Zack Keuker, the rabid Calvinist zealot with the pathological hatred for Catholics, had the misfortune of calling into the Deeper Truth show, attempting to trap the host (yours truly) in a quandary.

It went something like this;

  1. Did Jesus die to save all mankind?
  2. Was Jesus death sufficient to save all He intended to save?

Zach contends that if you answer “Yes” to both questions, then the only logical conclusion is that no one goes to hell.

Obviously, any actual Christian (Calvinists are not Christians) can see the fatal flaw in this attempted syllogism because of the third- silent- line of logic, inserted by stealth.

That is, that all those who were provided the necessary graces to be saved, were saved. In other words, Zach is asserting that Material Sufficiency equals Practical Sufficiency. Upon running into this brick wall of a distinction, Zach could only stumble and mutter and repeat the two questions as if they had never been answered. When Zach was asked to explain what the Apostle Paul said in Colossians 1:24-25, about that which is lacking in the sufferings of Christ, he could not answer.

Zack Kueker, the never-ending fountain of anti-catholic vomit was stumped.

To explain the fatal flaw in Zach’s disordered and heretical logic, let’s enumerate his logic to include the unstated, but essential elements of his alleged syllogism of Universal atonement.

  1. Jesus died for all mankind.
  2. Jesus death was materially sufficient for the salvation of all He intended to save.
  3. Material sufficiency equals practical sufficiency, therefore-
  4. All men are saved.

As you can see, Zach’s premise is dependent on the silly “It is finished” canard that protestants like to use, purporting that Christ’s last words “It is finished” mean that only a verbal and intellectual assent to faith in Christ’s atoning sacrifice is necessary for Salvation. This logic applies that the Material Sufficiency of Christ’s atonement is applied to the sinner by a simple, one-time request. In short, that man is justified by faith alone.

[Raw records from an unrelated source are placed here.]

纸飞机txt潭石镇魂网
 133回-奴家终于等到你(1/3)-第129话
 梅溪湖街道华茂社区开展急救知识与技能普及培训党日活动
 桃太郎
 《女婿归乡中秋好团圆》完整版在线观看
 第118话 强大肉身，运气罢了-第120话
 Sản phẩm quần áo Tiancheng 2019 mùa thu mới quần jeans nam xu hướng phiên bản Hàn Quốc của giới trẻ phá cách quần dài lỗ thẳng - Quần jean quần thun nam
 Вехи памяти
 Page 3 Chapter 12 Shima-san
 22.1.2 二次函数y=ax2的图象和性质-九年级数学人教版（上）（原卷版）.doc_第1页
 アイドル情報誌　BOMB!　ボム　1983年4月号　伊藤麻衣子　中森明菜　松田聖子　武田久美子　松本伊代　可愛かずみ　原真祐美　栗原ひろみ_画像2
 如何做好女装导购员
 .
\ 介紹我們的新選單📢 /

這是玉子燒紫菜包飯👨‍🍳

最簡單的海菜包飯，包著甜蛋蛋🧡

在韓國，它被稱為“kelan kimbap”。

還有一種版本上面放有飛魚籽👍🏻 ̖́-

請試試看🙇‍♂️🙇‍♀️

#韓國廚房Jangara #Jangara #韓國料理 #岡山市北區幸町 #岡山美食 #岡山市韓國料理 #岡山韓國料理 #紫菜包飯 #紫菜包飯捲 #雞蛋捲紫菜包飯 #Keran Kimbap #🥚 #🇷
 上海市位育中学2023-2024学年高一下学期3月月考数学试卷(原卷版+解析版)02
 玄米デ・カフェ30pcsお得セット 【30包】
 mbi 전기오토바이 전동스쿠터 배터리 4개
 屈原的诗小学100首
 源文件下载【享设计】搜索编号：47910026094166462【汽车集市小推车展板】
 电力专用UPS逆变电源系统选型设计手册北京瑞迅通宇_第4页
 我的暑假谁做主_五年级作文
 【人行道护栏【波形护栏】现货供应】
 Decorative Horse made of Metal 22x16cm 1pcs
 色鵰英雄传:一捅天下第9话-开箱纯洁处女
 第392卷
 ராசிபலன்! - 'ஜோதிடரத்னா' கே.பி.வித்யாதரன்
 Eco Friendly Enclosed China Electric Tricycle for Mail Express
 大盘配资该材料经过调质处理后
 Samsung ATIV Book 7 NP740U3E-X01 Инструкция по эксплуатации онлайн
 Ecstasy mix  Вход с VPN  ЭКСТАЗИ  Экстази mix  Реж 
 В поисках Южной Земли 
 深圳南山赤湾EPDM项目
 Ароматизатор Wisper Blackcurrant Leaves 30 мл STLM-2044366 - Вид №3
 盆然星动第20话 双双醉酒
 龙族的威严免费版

However, since man is not justified by Faith alone, Zach’s alleged Syllogism crumbles into rubble.

James 2
14 What does it profit, my brethren, if a man says he has faith but has not works? Can his faith save him? 15 If a brother or sister is ill-clad and in lack of daily food, 16 and one of you says to them, “Go in peace, be warmed and filled,” without giving them the things needed for the body, what does it profit? 17 So faith by itself, if it has no works, is dead.

18 But some one will say, “You have faith and I have works.” Show me your faith apart from your works, and I by my works will show you my faith. 19 You believe that God is one; you do well. Even the demons believe–and shudder. 20 Do you want to be shown, you shallow man, that faith apart from works is barren? 21* Was not Abraham our father justified by works, when he offered his son Isaac upon the altar? 22 You see that faith was active along with his works, and faith was completed by works, 23* and the scripture was fulfilled which says, “Abraham believed God, and it was reckoned to him as righteousness”; and he was called the friend of God. 24 You see that a man is justified by works and not by faith alone.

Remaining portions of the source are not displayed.